━━ Stored data ━━

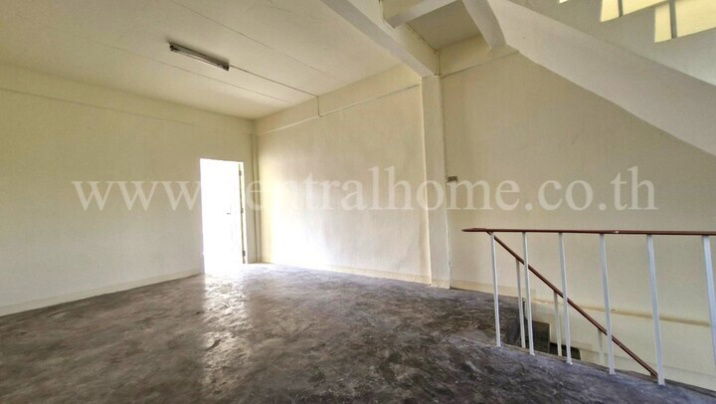 รูป อาคารพาณิชย์ 4 ชั้น แยกปากเกร็ด นนทบุรี ทำเลดี ราคาถูก - รูปที่ 6/14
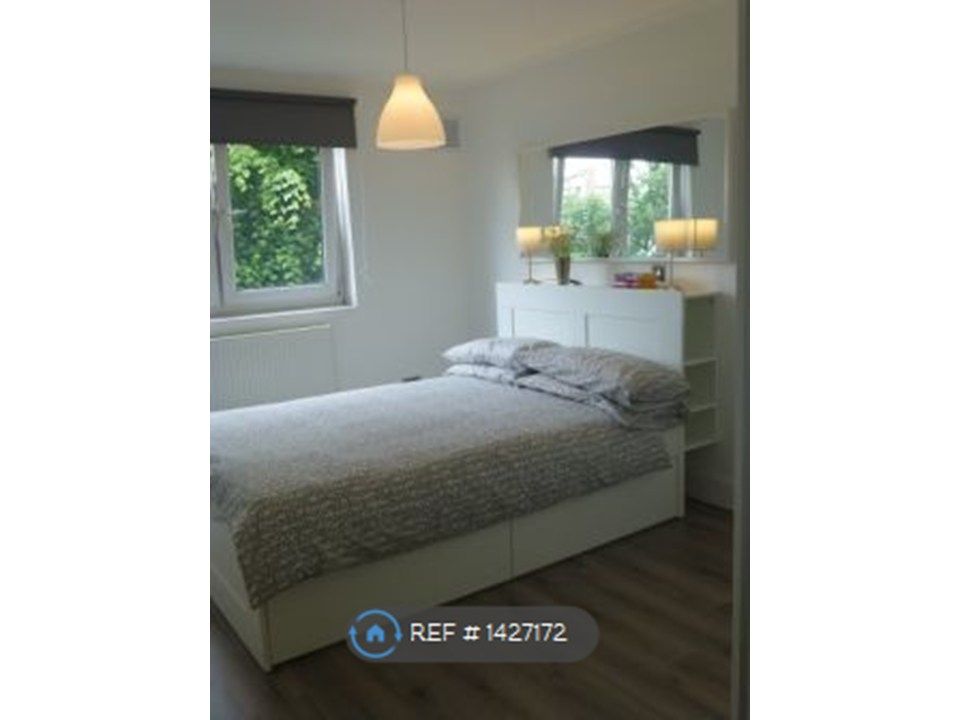 Property photo 2 of 6 Bedroom 1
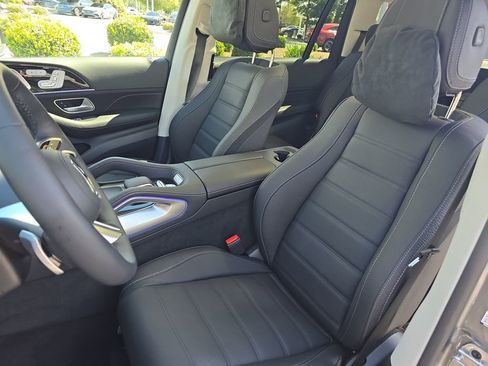 New 2026 Mercedes-Benz GLS 450 4MATIC image 17
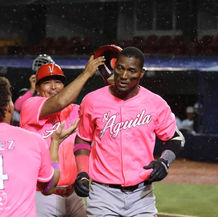 El Águila gana el tercero con ofensiva de Lake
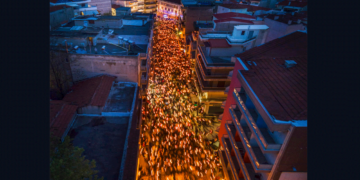 Πλημμύρισε η Κοζάνη στη Λιτανεία της Εικόνας της Παναγίας Ζιδανιώτισσας – Φωτογραφία του Αργύρη Καραμούζα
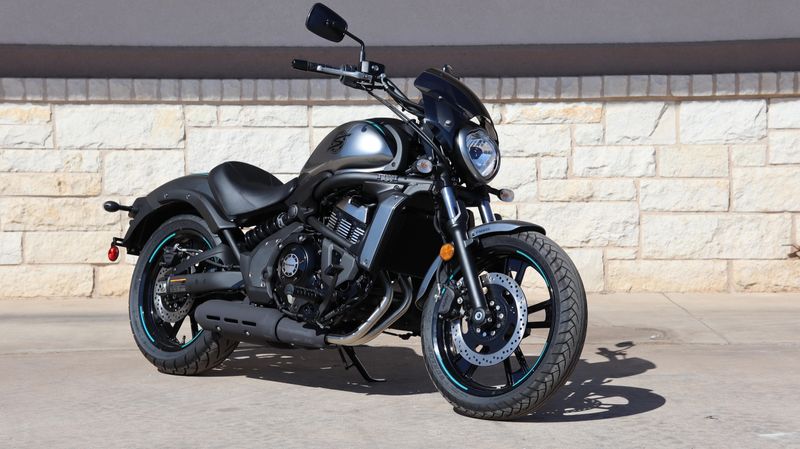 2025 Kawasaki VULCAN S CAFE ABS METALLIC MOONDUST GRAY  METALLIC SPARK BLACK Image 1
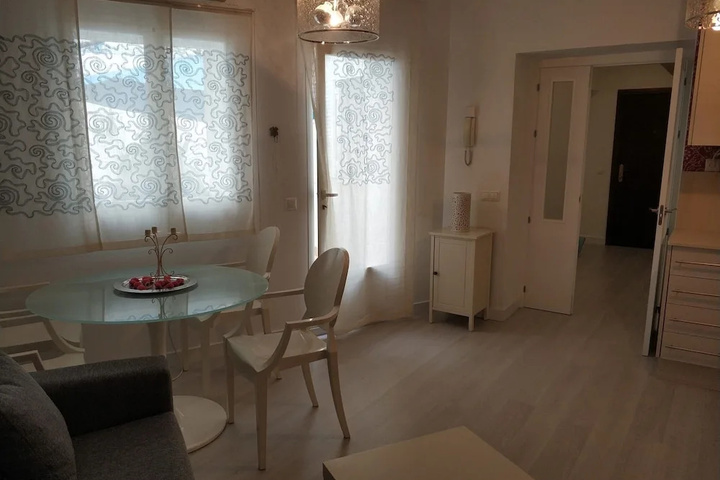 Room 3 of 10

━━━

What you should do:
From the line containing "El Águila gana" to the last line of the records, inclusive, output the lines exactly as written and nothing else; leave out the pictures.

Response to the task:
 El Águila gana el tercero con ofensiva de Lake
 Πλημμύρισε η Κοζάνη στη Λιτανεία της Εικόνας της Παναγίας Ζιδανιώτισσας – Φωτογραφία του Αργύρη Καραμούζα
 2025 Kawasaki VULCAN S CAFE ABS METALLIC MOONDUST GRAY  METALLIC SPARK BLACK Image 1
 Room 3 of 10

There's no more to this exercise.